• _Aim of the task_: Set down, exactly as written, the lines from the top of the data to the line that holds "Zilla Bark Bends", and omit the pictures.

• _Image-text web data_:
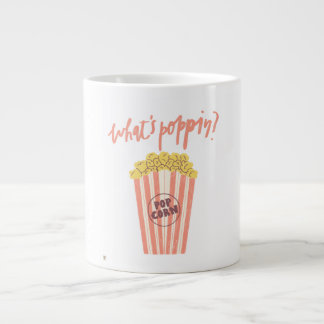 ポップコーンとは ジャンボコーヒーマグカップ
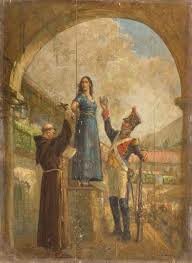 1817 POLICARPA SALAVARRIETA ES FUSILADA POR ORDEN DE PABLO MORILLO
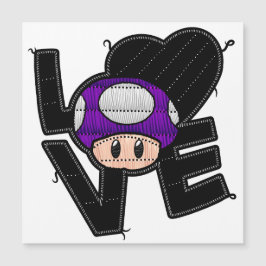 Kärlek Toad - Lila Magnet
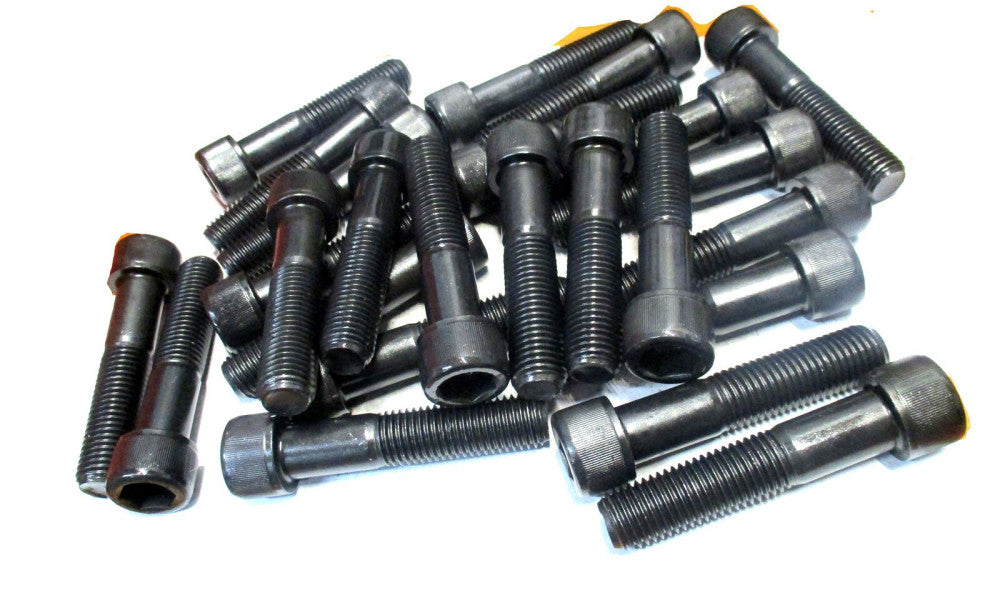 Brighton (532264) m16x2.00 Coarse 75mm OAL 10mm Hex Socket Cap Screw - Lot of 25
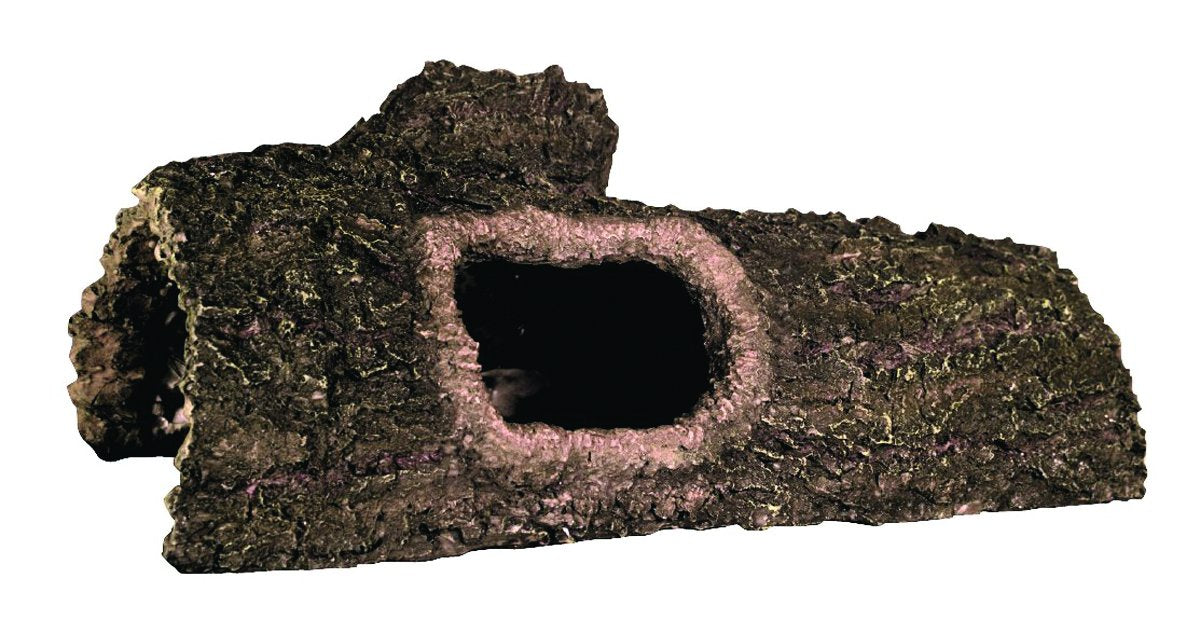 Zilla Bark Bends Reptile Terrarium Decoration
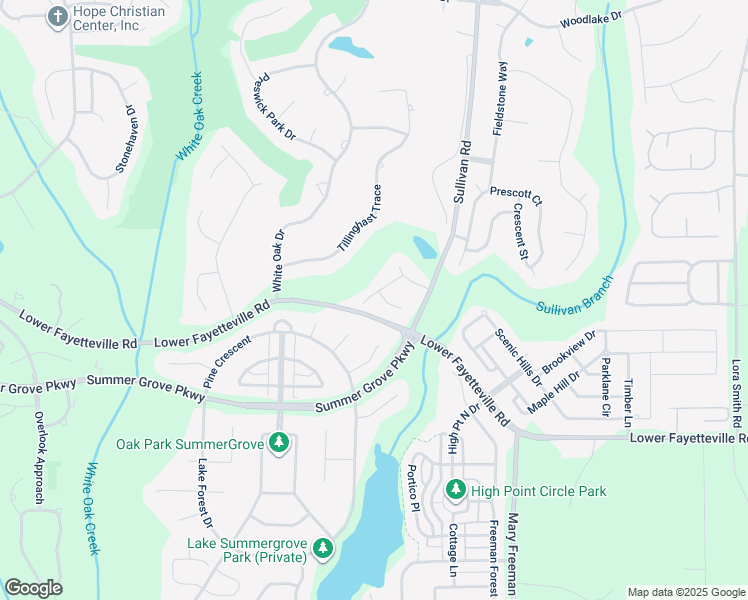 map of restaurants, bars, coffee shops, grocery stores, and more near 90 Links Court in Newnan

• _Result of the exercise_:
 ポップコーンとは ジャンボコーヒーマグカップ
 1817 POLICARPA SALAVARRIETA ES FUSILADA POR ORDEN DE PABLO MORILLO
 Kärlek Toad - Lila Magnet
 Brighton (532264) m16x2.00 Coarse 75mm OAL 10mm Hex Socket Cap Screw - Lot of 25
 Zilla Bark Bends Reptile Terrarium Decoration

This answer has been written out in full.